By the same averaging trick that shows that finite-dimensional complex representations of a finite group are unitary with respect to some inner product, your question is equivalent to the one obtained by replacing ambient isotropy groups with linear automorphism groups in the sense of algebraic geometry. Here *linear* means induced by a linear automorphism of $\mathbf{P}^2$. Actually, for a smooth plane curve of degree $d>3$, all automorphisms are linear, by

H. C. Chang, On plane algebraic curves, *Chinese J. Math.* **6** (1978), 185-189.

Fix $d>3$. Let $\mathcal{H}_d$ be the moduli space of smooth degree-$d$ curves in $\mathbf{P}^2$, so $\mathcal{H}_d$ is an open subscheme of some projective space.
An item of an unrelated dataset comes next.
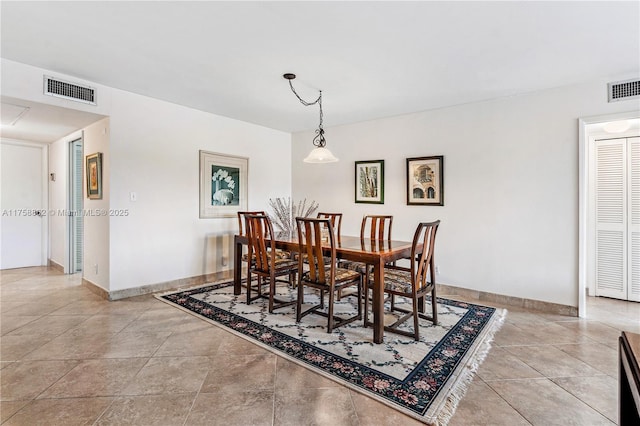 dining area featuring light tile patterned floors, visible vents, and baseboards
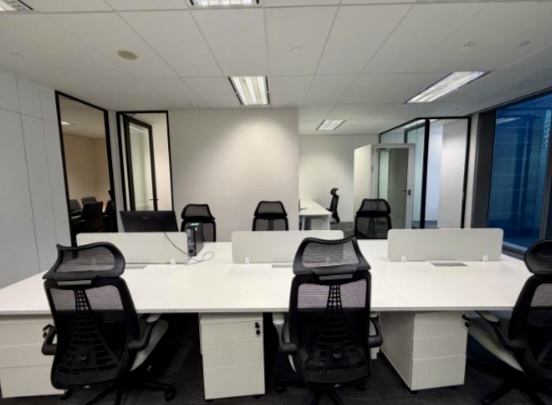 Modern office space with several empty desks, black mesh chairs, and glass-walled meeting rooms in the background.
Then there is a stratification of $\mathcal{H}_d$ into finitely many locally closed subschemes such that the automorphism group is constant on each piece. (This could also be stated in terms of the automorphism group scheme of the universal curve over $\mathcal{H}_d$.) In these terms, you are asking for the $0$-dimensional strata, or equivalently the smooth plane curves such that in a punctured neighborhood of the corresponding point of $\mathcal{H}_d$ the automorphism group is strictly smaller.

The analogous question with $\mathcal{H}_d$ replaced by the full moduli space $\mathcal{M}_g$ of curves of genus $g>1$ has been much studied. The direct analogue of your maximally symmetric curves in this setting are the curves said to have "many automorphisms" in Section 3 of the article

Jürgen Wolfart, The obvious part of Belyi's theorem and curves with many automorphisms, pp. 97-112 in: *Geometric Galois actions 1*, edited by L. Schneps and P. Lochak, LMS Lecture Notes Series **342**, Cambridge Univ. Press, 1997.

Wolfart's article contains many references to related work, and mentions some nice theorems. For instance: a smooth projective curve of genus greater than $1$ over $\mathbf{C}$ has many automorphisms if and only if it is a Galois cover of $\mathbf{P}^1$ ramified only above $0,1,\infty$.